▸ **Supplied data**

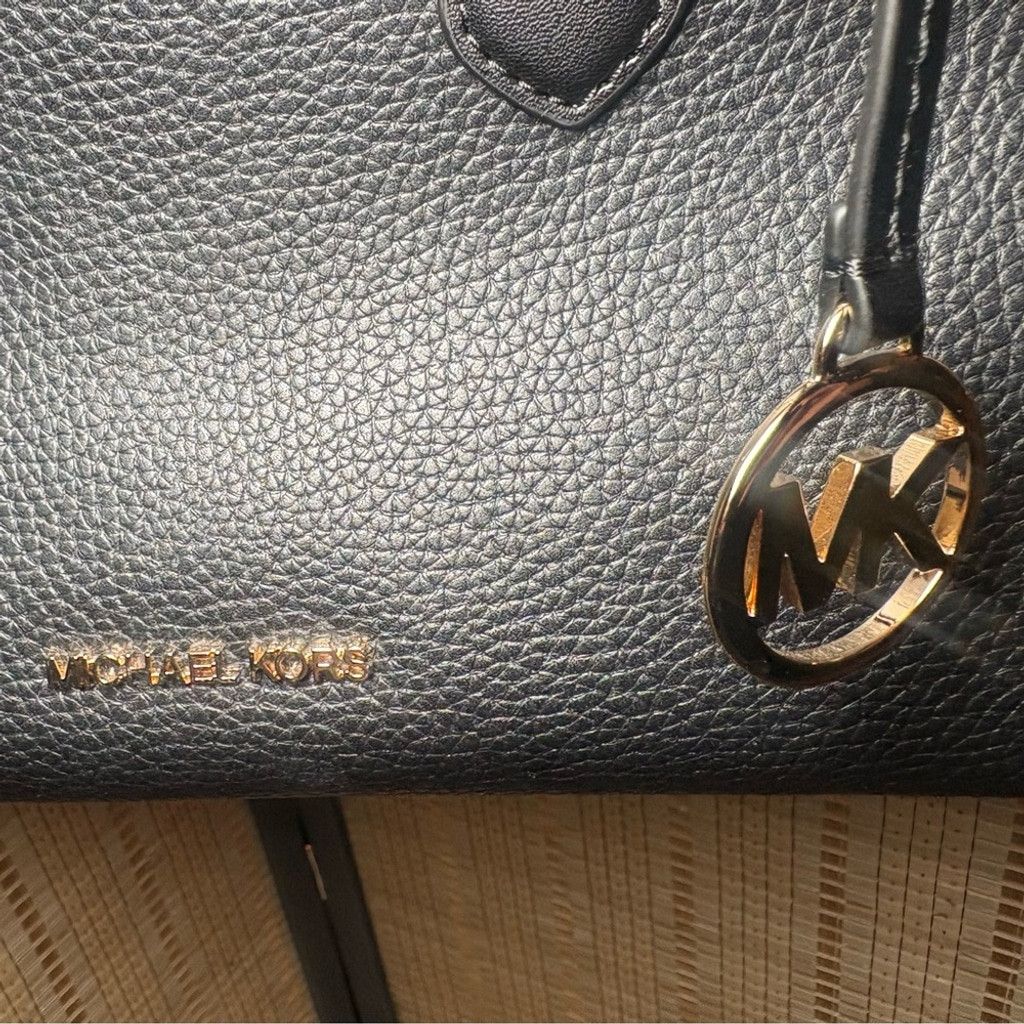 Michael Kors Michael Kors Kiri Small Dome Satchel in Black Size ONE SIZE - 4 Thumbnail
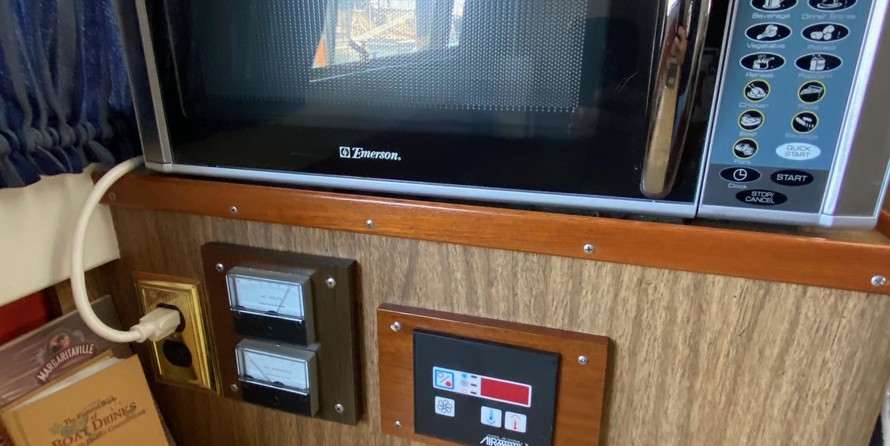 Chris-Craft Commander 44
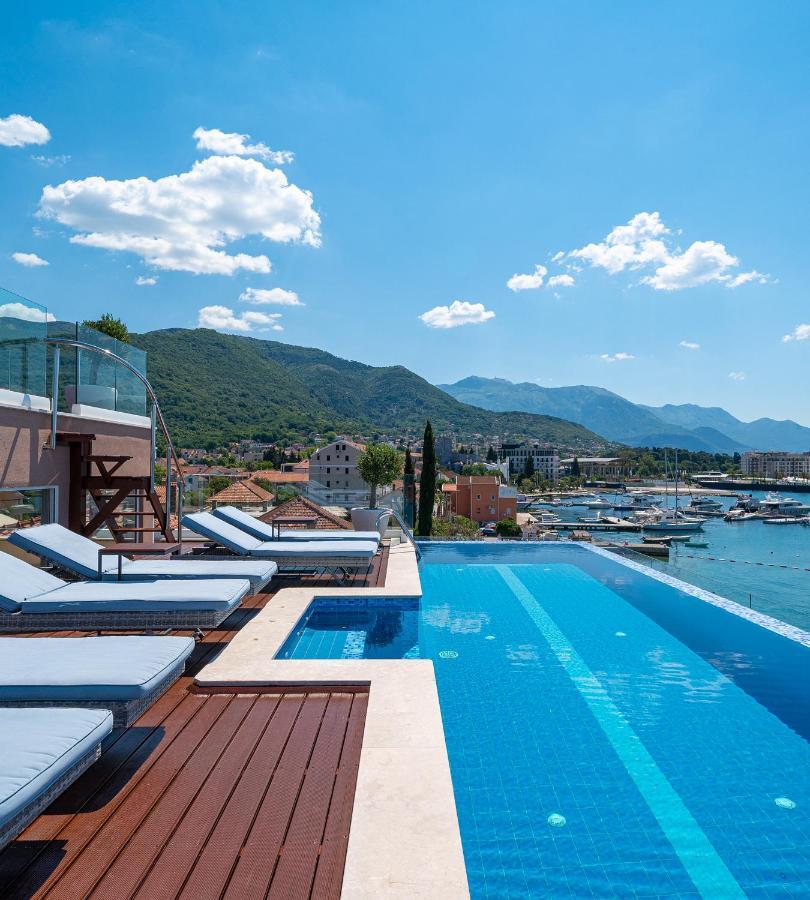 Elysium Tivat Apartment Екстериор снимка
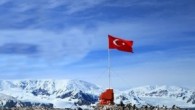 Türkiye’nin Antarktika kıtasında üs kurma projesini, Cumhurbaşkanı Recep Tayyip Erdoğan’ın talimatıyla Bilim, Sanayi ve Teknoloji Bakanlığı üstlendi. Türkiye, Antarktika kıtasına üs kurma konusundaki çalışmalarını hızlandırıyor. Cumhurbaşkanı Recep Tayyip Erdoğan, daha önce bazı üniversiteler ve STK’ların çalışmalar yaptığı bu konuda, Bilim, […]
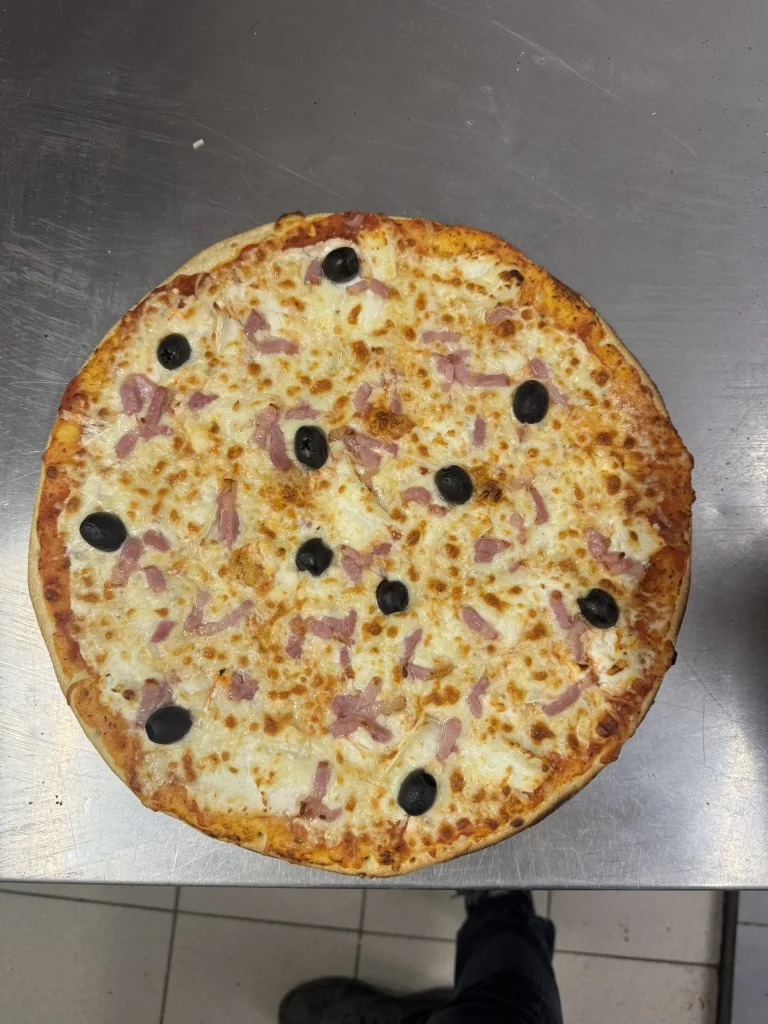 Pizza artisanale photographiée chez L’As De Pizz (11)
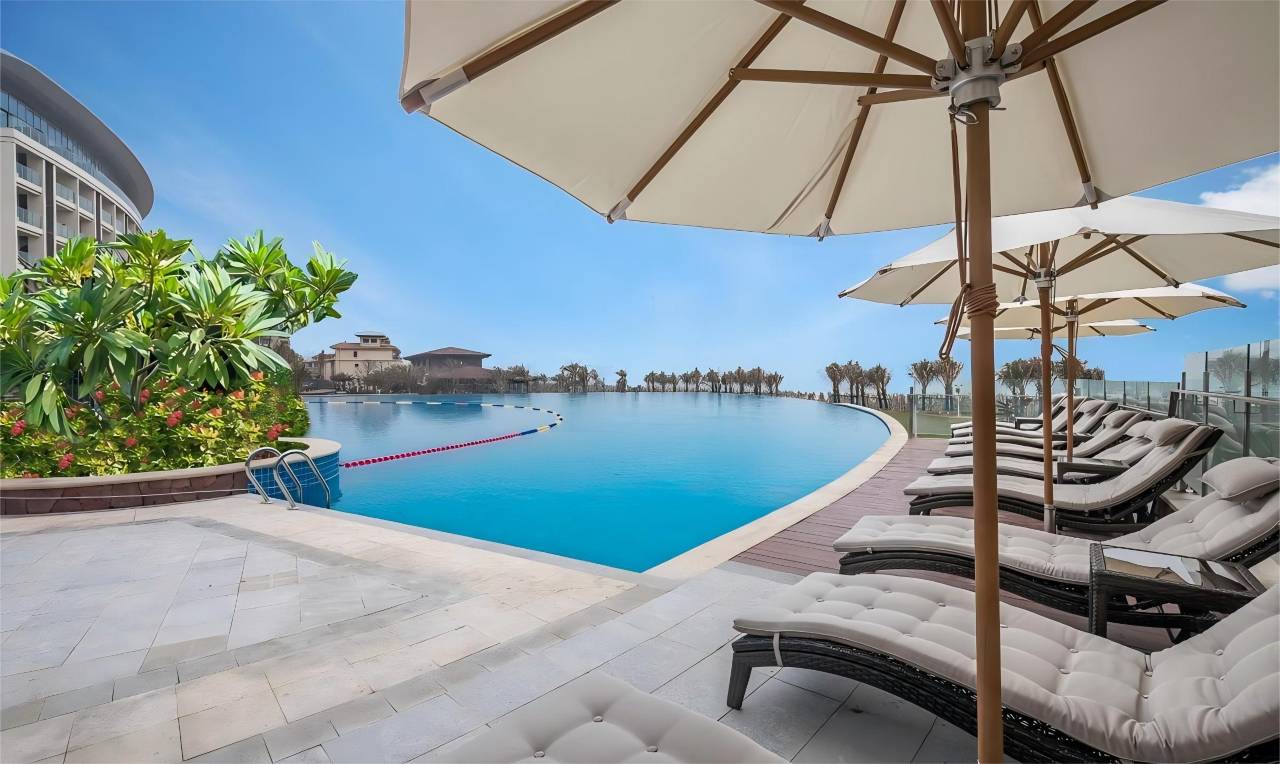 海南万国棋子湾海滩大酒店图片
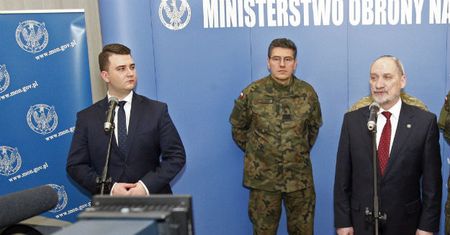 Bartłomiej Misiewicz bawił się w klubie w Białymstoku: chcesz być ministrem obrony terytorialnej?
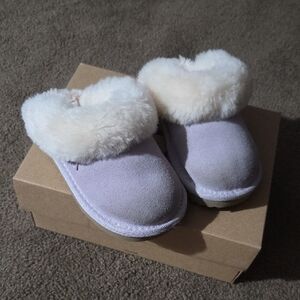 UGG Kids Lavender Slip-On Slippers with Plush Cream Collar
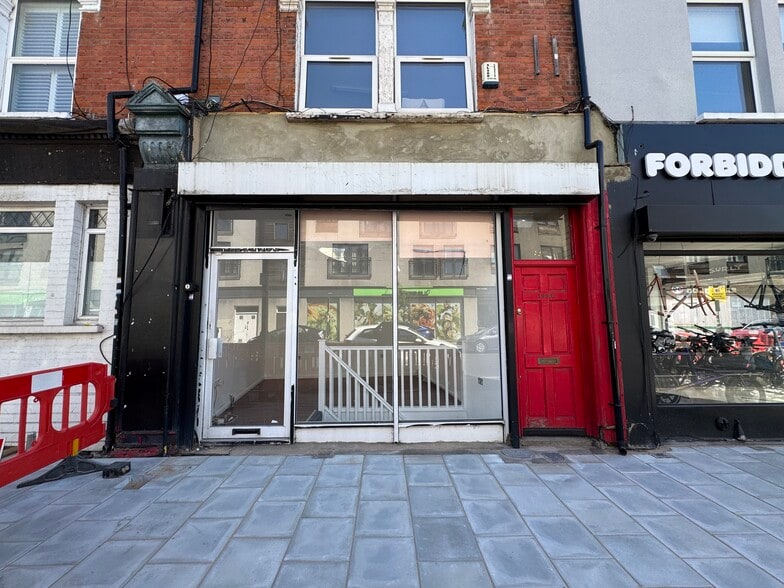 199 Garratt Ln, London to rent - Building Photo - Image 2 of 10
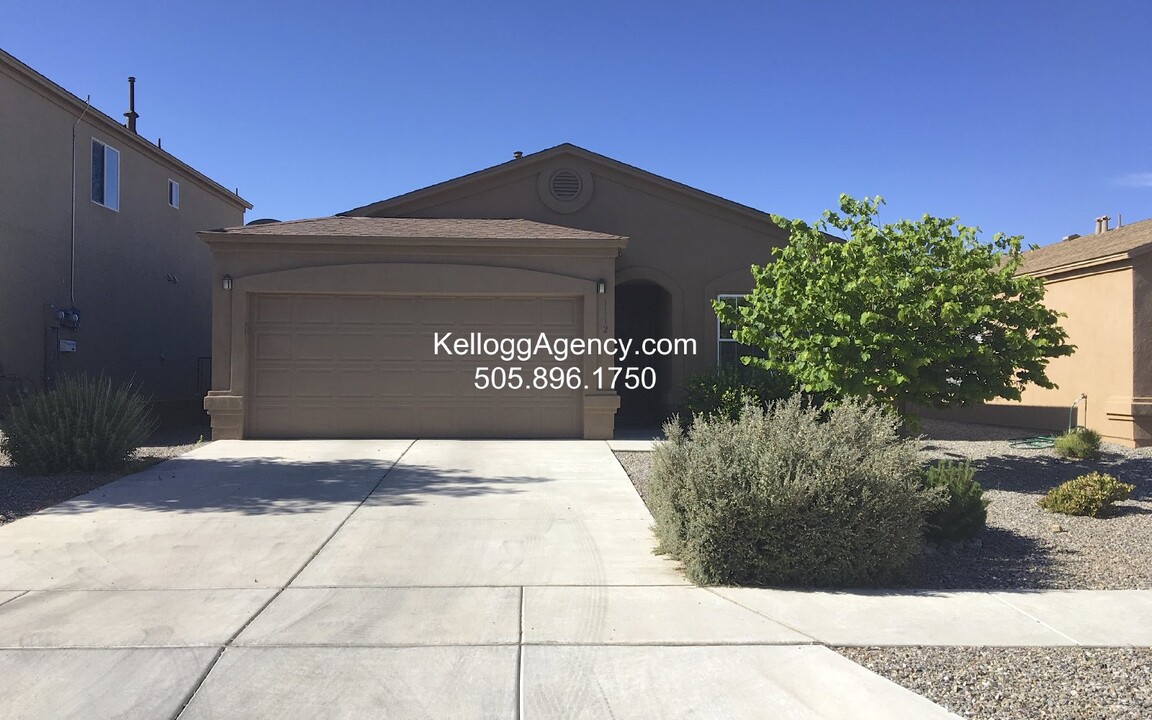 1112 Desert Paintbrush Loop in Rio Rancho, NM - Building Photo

▸ **About this exercise**
Only the lines from the one holding "Türkiye’nin Antarktika kıtasında" through the last line of the records should be output, please, exactly and without any pictures.

▸ **Response area**
 Türkiye’nin Antarktika kıtasında üs kurma projesini, Cumhurbaşkanı Recep Tayyip Erdoğan’ın talimatıyla Bilim, Sanayi ve Teknoloji Bakanlığı üstlendi. Türkiye, Antarktika kıtasına üs kurma konusundaki çalışmalarını hızlandırıyor. Cumhurbaşkanı Recep Tayyip Erdoğan, daha önce bazı üniversiteler ve STK’ların çalışmalar yaptığı bu konuda, Bilim, […]
 Pizza artisanale photographiée chez L’As De Pizz (11)
 海南万国棋子湾海滩大酒店图片
 Bartłomiej Misiewicz bawił się w klubie w Białymstoku: chcesz być ministrem obrony terytorialnej?
 UGG Kids Lavender Slip-On Slippers with Plush Cream Collar
 199 Garratt Ln, London to rent - Building Photo - Image 2 of 10
 1112 Desert Paintbrush Loop in Rio Rancho, NM - Building Photo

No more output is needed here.